The migration ran clean. The VM came up on AHV within the expected window. Storage latency was nominal. The health check returned green. The team marked it complete, moved to the next workload, and closed the cutover ticket.
Seventy-two hours later, a service desk ticket arrived. Intermittent authentication failures on that VM. Not consistent — sometimes fine, sometimes not. The on-call engineer checked the obvious things: network connectivity, DNS resolution, service status. All healthy. The VM was healthy. The monitoring said healthy.
The failure didn't surface fully until a scheduled GPO refresh ran four days post-cutover and Kerberos authentication broke hard.

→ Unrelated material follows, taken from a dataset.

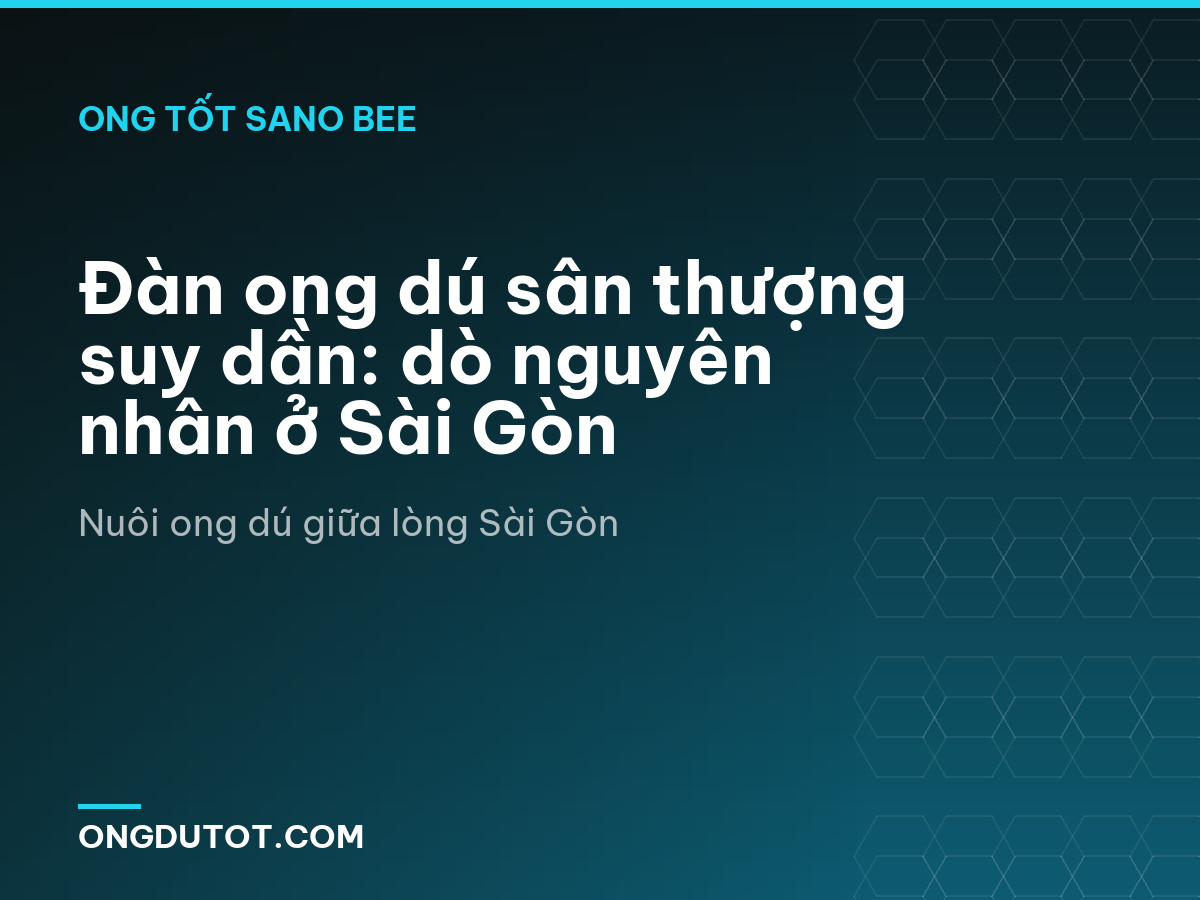 Đàn ong dú sân thượng suy dần: dò nguyên nhân ở Sài Gòn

Post-incident analysis identified the root cause as time drift introduced during the VMware Tools replacement. Nobody had put time synchronization verification on the migration checklist — because time sync had always been a VMware Tools responsibility, and VMware Tools had been replaced as part of the migration procedure. The checklist showed "VMware Tools replaced ✅." The checklist passed. The implicit dependency on VMware Tools for time authority wasn't on the checklist at all.
This is the vmware migration issues pattern most cutover playbooks don't cover — not compute portability, but identity continuity.
The Failure Chain
The sequence is specific enough to be worth walking through precisely, because each step looks like a different problem until you see them in order.

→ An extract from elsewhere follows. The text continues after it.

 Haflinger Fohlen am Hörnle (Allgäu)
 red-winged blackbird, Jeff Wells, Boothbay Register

Step 1 — VM migrates successfully to AHV or KVM. Compute layer: complete. Storage: attached. Network: connected. The migration tooling reports success. This is accurate.
Step 2 — VMware Tools is removed and replaced with the target hypervisor's guest agent. This is the correct procedure and the checklist item passes. What isn't documented: VMware Tools was managing time synchronization between the guest and the ESXi host. The replacement agent has different time sync behavior — and on many AHV and KVM deployments, the guest's NTP configuration was inheriting from VMware Tools rather than maintaining an independent NTP source.

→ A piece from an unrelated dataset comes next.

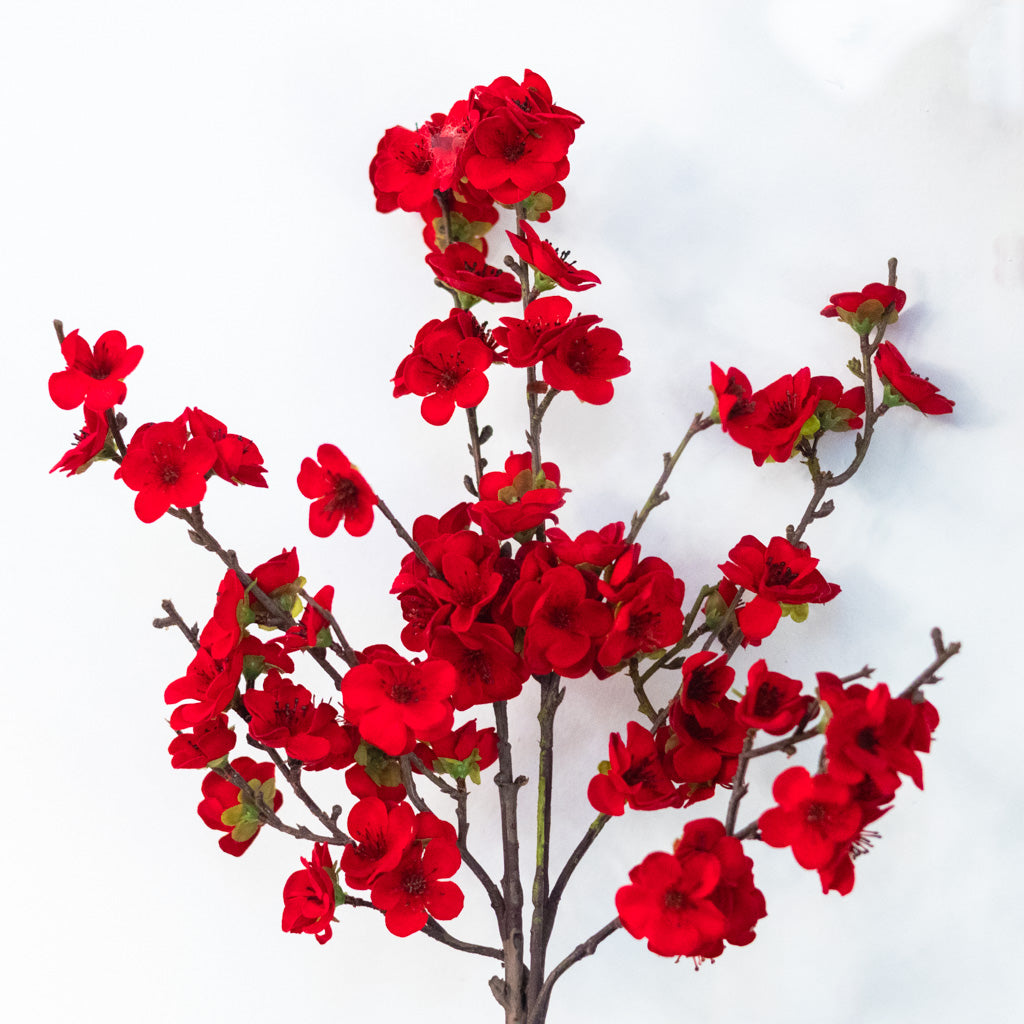 Christmas Balsam Red Spray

Step 3 — Time drift appears after reboot. Not immediately visible. The guest clock drifts gradually — often only a few minutes in the first hour. Monitoring shows the VM as healthy because the monitoring checks process health and network reachability, not clock skew against domain time.
Step 4 — Kerberos skew exceeds the 5-minute tolerance. Kerberos authentication has a hardcoded default clock skew tolerance of 5 minutes. When the guest clock drifts past that threshold, Kerberos begins rejecting authentication tickets. The failures are intermittent because drift is gradual and the skew crosses the threshold inconsistently depending on when tickets are being issued and validated.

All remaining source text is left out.